The worst response Americans could have to the disappointing results of 50 years spent in a “War on Poverty” is to surrender. Poverty is still a painful part of the American landscape.
That’s why Sen. Marco Rubio’s recent speech, delivered on the anniversary of President Lyndon B. Johnson’s declaration of that war, is important. By assessing anew the very real problems — and the proven solutions — the Florida Republican is setting forth a plan of action the GOP should adopt as its own.
“We are still a country where hard work and perseverance can earn you a better life,” Rubio said. “The vast majority of Americans today live lives much better than their parents. Yet we are rightfully troubled that many of our people are still caught in what seems to be a pervasive, unending financial struggle. It bothers us because we are a people united by the belief that every American deserves an equal opportunity to achieve success.”
The first step is to have the right focus, Rubio contends.
“Today, the debate on poverty is primarily focused on the growing income gap between the rich and poor. From 1979 to 2007, income for the highest-earning Americans grew more than it did for anyone else. … Yes, the cashier at a fast food chain makes significantly less than the company’s CEO. The problem we face is not simply the gap in pay between them, but rather that too many of those cashiers are stuck in the same job for years on end, unable to find one that pays better. And it is this lack of mobility, not just income inequality, that we should be focused on.”
Income immobility often has recognizable causes, Rubio explains.

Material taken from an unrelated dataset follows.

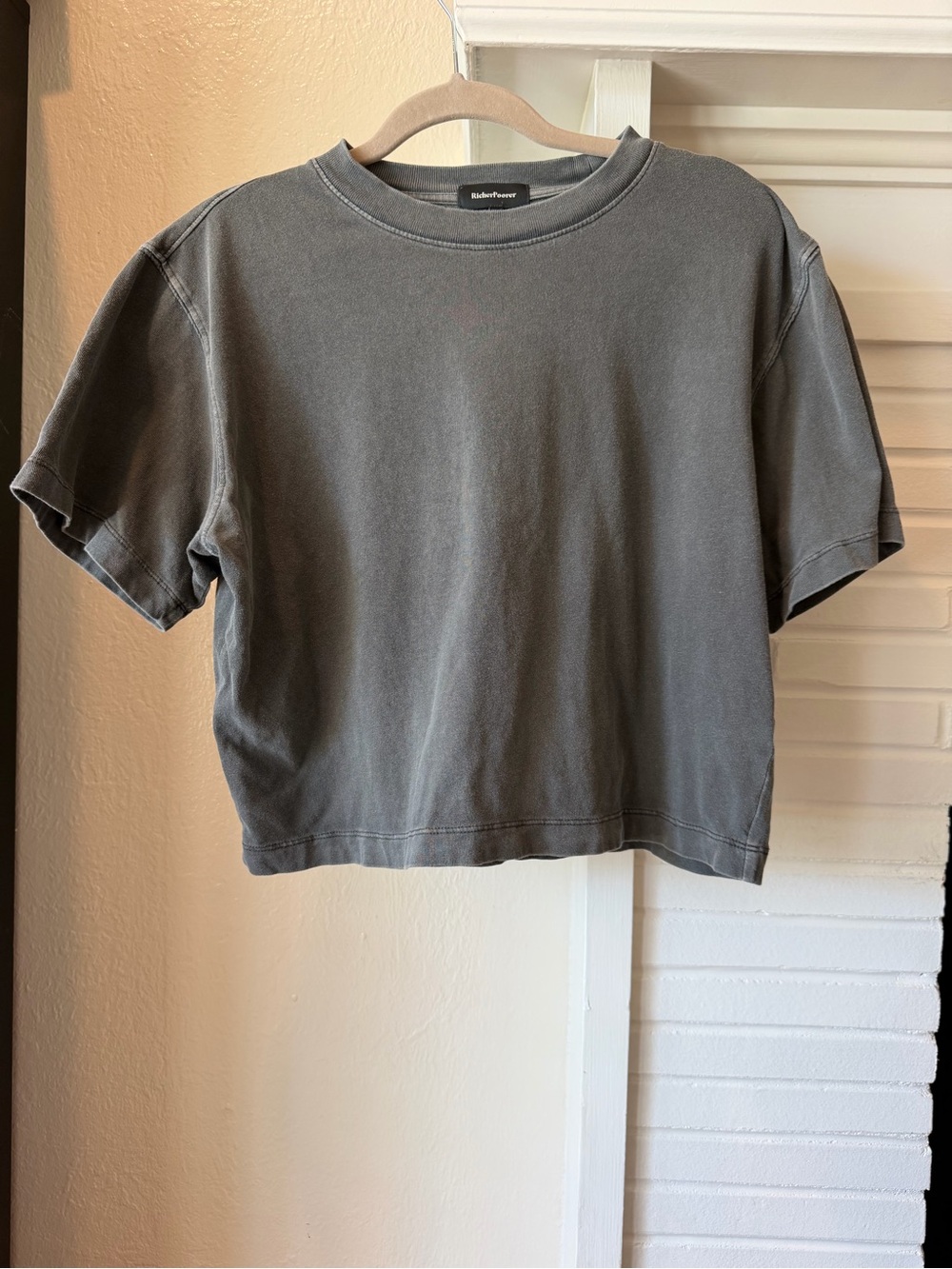 Richer Poorer Charcoal Gray Relaxed Cropped Boxy Tee Size Medium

“Social factors … play a major role in denying equal opportunity,” he said. “The truth is, the greatest tool to lift children and families from poverty is one that decreases the probability of child poverty by 82 percent. But it isn’t a government spending program. It’s called marriage. Fifty years ago, today, when the War on Poverty was launched, 93 percent of children born in the United States were born to married parents. By 2010 that number had plummeted to 60 percent. It should not surprise us that 71 percent of poor families with children are not headed by a married couple.”
That’s not to say that children from single-parent homes are doomed to a life of poverty — not at all. Education offers hope to all Americans.
But as Rubio points out, children from disadvantage families are more likely to receive an inadequate education, due to failing public schools. Alternatives must be offered.
“We need policies that make our country the easiest and best place in the world to create jobs,” he adds. “This means removing the uncertainty created by a dangerous and growing national debt, enacting a simple and affordable tax code that incentivizes investment, and eliminating regulations that prevent employers from expanding and our energy sector from growing.”
These simple steps are part of a broad strategy we would do well to adopt.